** ACTION ITEM **
Everything below from the line with "The next most" through the line with "Physical Graffiti needs" should be copied exactly, and nothing else; leave out the pictures.

SUPPLIED MATERIAL section start

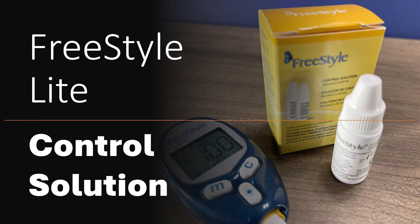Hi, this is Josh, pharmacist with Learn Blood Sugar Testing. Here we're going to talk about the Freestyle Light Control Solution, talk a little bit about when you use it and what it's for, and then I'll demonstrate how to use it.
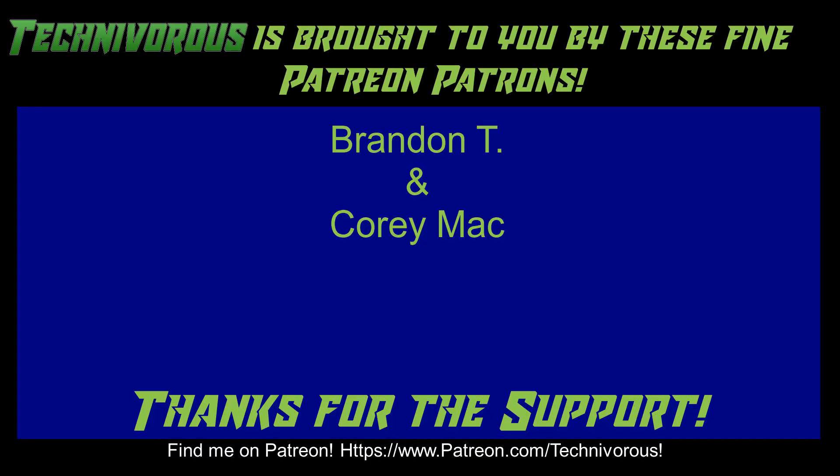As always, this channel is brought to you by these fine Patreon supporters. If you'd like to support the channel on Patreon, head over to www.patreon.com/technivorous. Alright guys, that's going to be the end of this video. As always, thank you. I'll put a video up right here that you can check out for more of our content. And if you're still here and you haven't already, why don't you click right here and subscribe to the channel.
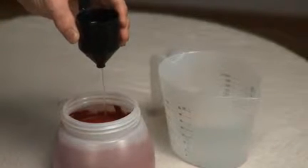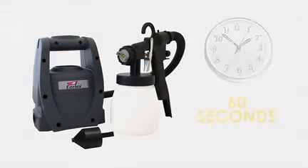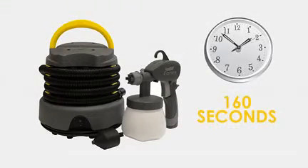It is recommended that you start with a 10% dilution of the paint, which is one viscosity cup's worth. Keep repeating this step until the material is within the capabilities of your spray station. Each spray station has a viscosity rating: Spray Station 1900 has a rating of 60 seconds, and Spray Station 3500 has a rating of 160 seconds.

SUPPLIED MATERIAL section end
SUPPLIED MATERIAL section start

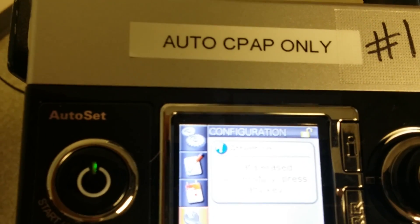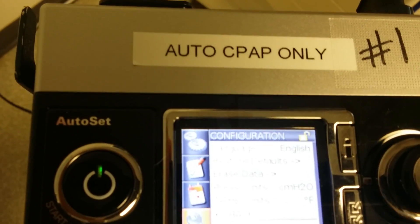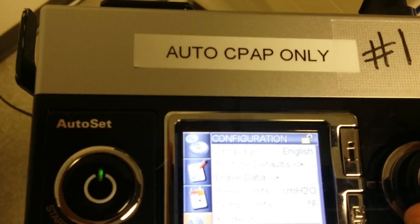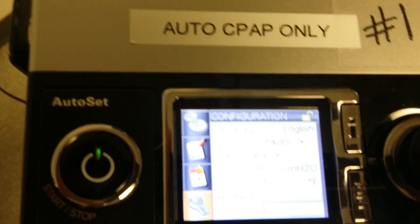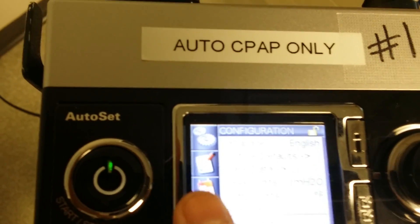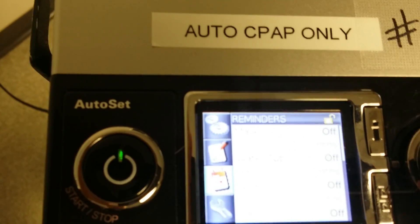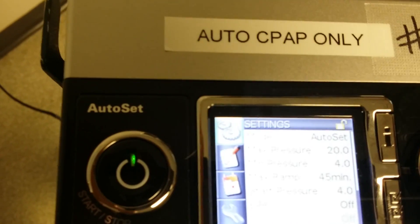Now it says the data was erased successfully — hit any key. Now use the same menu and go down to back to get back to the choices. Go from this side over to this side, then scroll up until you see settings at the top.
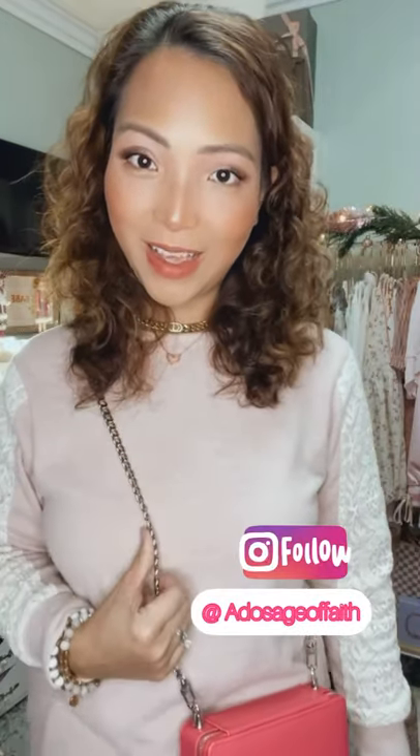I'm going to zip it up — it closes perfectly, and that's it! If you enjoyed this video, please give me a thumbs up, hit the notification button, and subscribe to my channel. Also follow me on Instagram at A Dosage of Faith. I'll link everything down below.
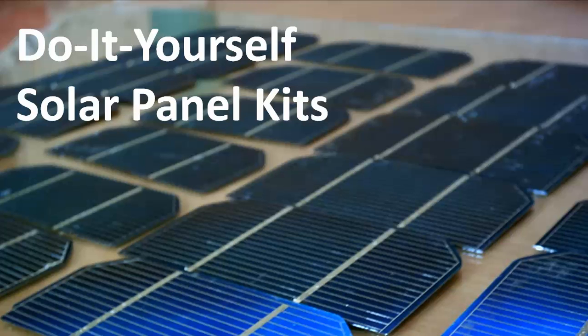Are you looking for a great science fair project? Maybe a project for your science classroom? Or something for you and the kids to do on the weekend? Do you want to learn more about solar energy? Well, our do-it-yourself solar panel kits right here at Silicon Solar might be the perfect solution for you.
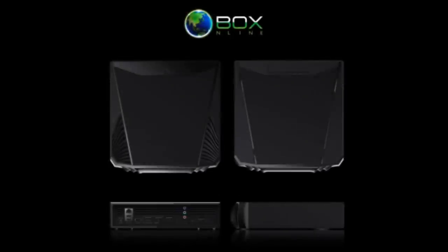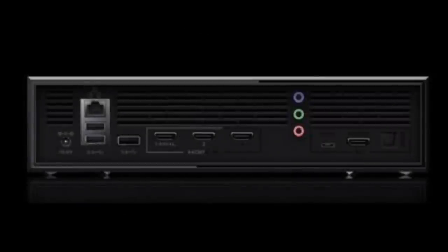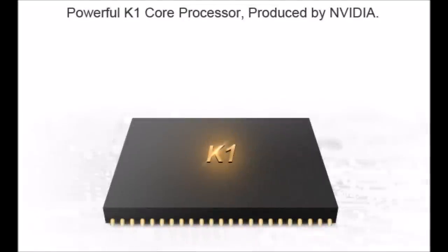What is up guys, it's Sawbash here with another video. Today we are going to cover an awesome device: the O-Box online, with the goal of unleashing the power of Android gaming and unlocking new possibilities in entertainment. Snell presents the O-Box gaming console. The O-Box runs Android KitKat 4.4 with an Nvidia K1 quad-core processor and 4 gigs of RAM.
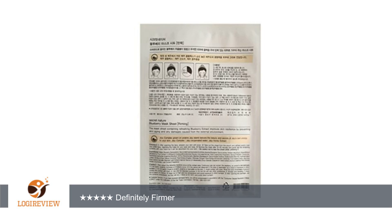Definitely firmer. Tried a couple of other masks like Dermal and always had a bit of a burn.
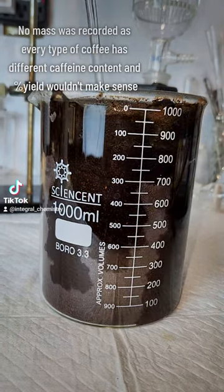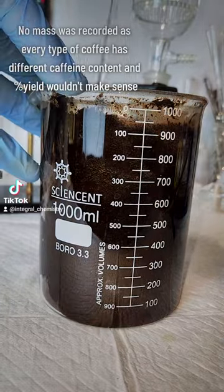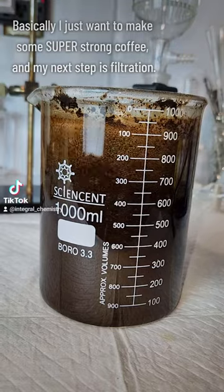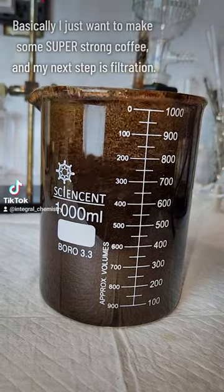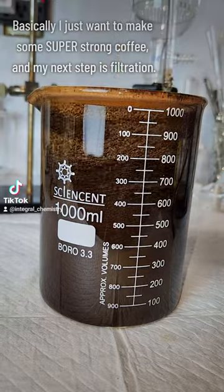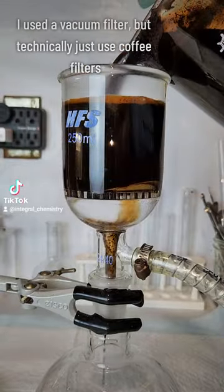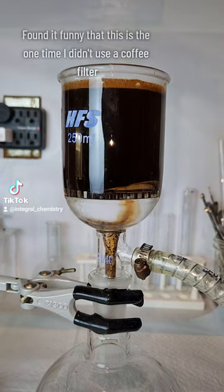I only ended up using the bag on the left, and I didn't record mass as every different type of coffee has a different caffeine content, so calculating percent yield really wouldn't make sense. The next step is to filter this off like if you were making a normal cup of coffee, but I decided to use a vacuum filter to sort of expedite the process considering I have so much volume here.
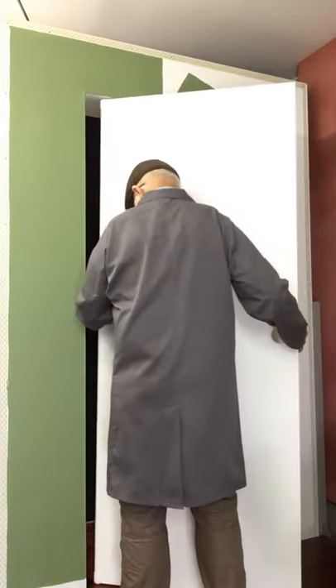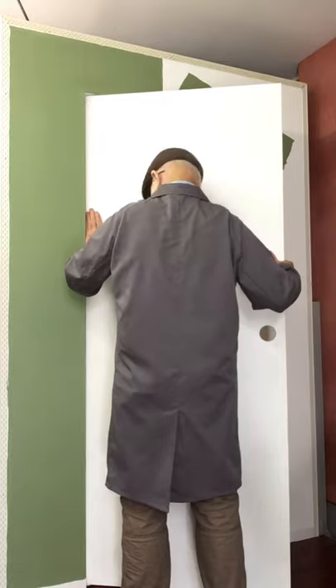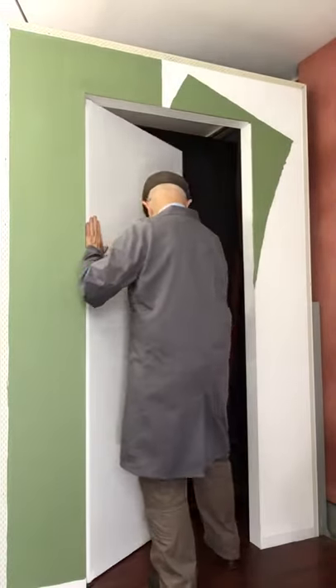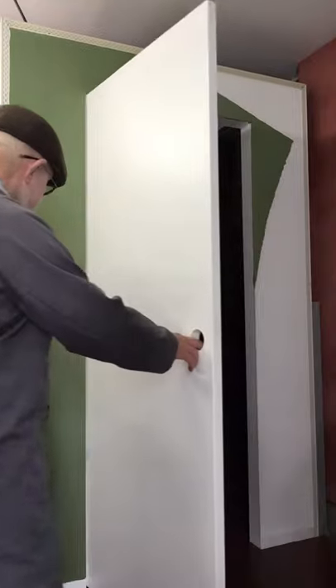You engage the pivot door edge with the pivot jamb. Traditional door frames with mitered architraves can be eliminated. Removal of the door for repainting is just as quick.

SUPPLIED MATERIAL section end
SUPPLIED MATERIAL section start

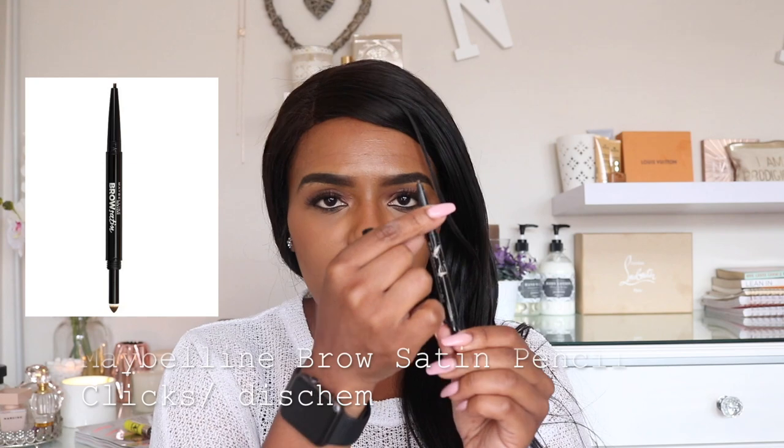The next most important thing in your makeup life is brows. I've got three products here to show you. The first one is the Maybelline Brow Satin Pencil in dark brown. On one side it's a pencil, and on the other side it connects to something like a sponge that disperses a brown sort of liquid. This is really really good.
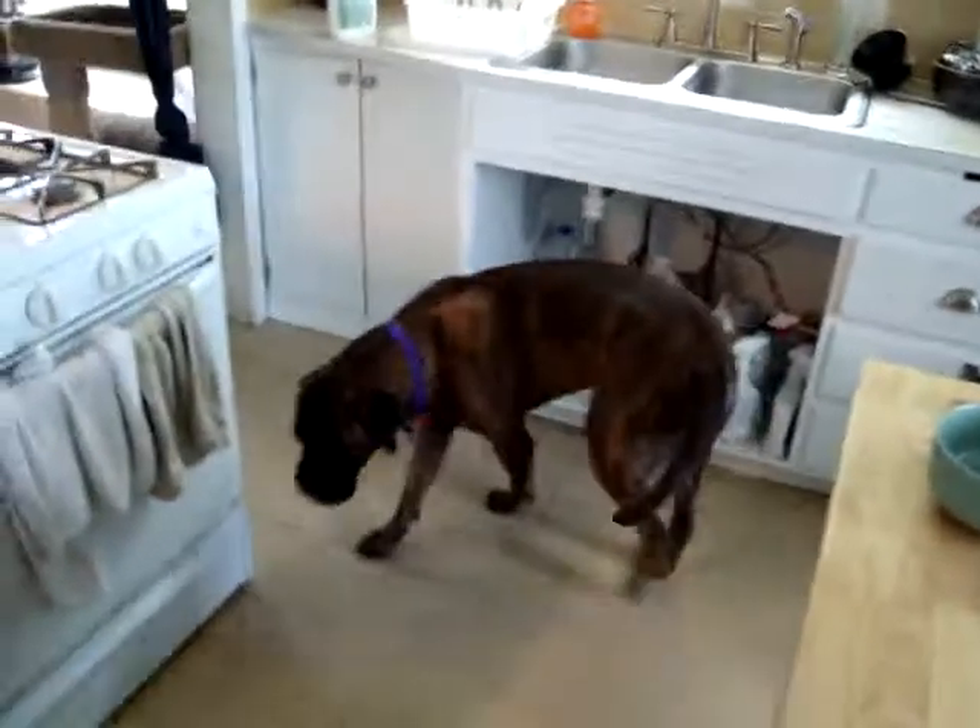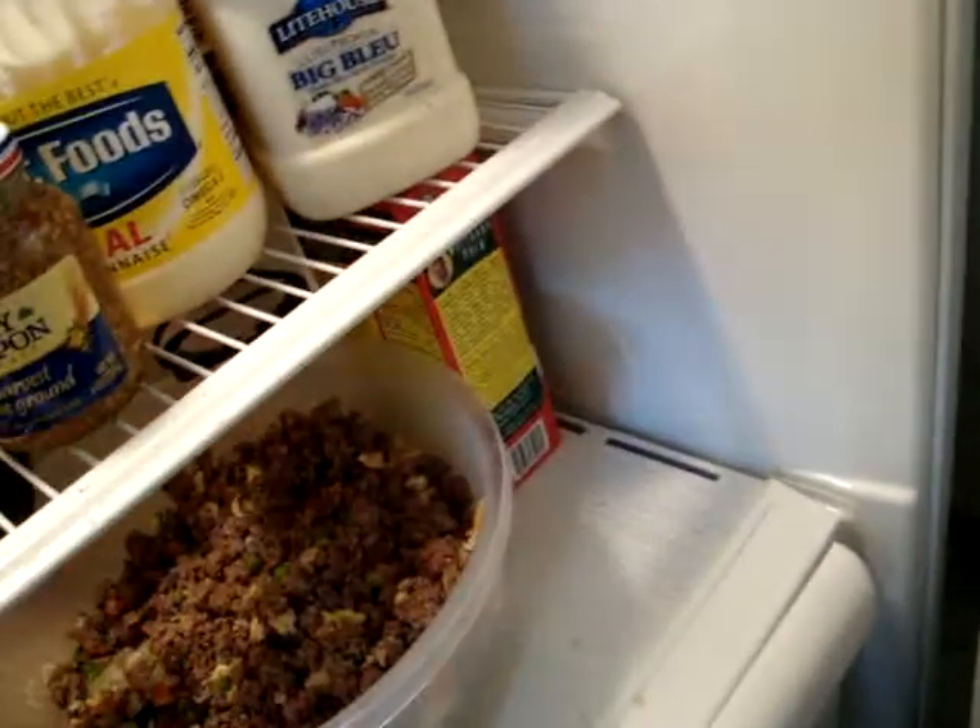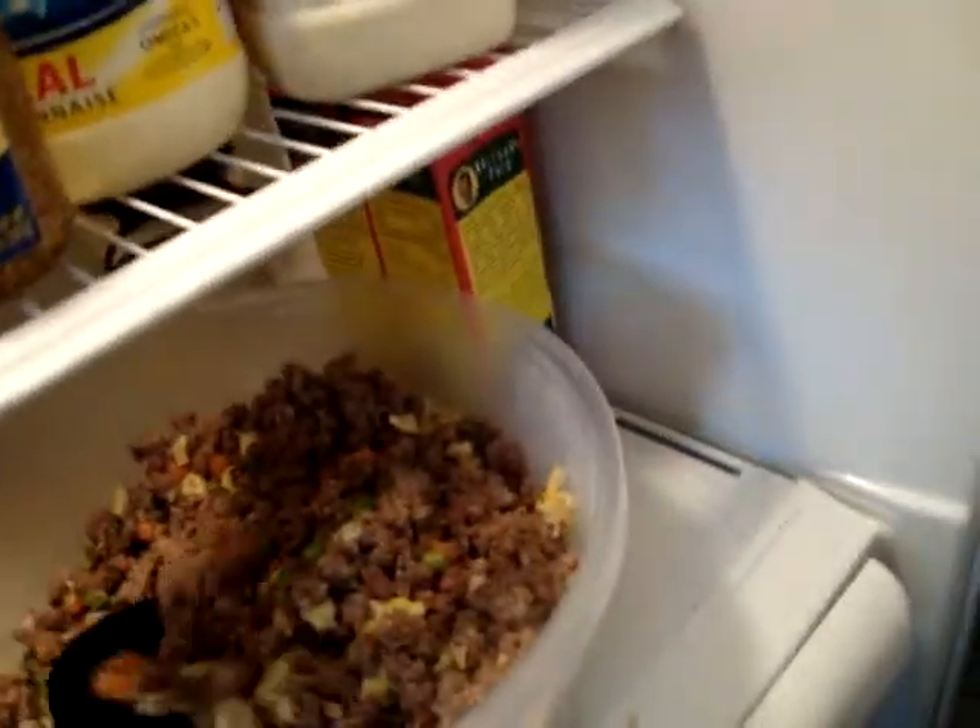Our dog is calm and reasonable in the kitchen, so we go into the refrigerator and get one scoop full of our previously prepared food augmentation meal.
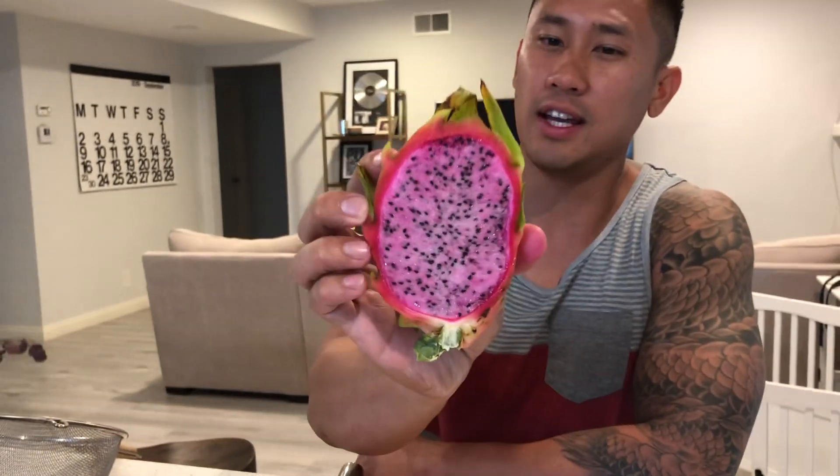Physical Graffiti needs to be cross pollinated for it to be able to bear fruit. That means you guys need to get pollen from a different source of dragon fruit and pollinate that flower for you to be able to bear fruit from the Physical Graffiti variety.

SUPPLIED MATERIAL section end

** OUTPUT OF THE TASK **
The next most important thing in your makeup life is brows. I've got three products here to show you. The first one is the Maybelline Brow Satin Pencil in dark brown. On one side it's a pencil, and on the other side it connects to something like a sponge that disperses a brown sort of liquid. This is really really good.
Our dog is calm and reasonable in the kitchen, so we go into the refrigerator and get one scoop full of our previously prepared food augmentation meal.
Physical Graffiti needs to be cross pollinated for it to be able to bear fruit. That means you guys need to get pollen from a different source of dragon fruit and pollinate that flower for you to be able to bear fruit from the Physical Graffiti variety.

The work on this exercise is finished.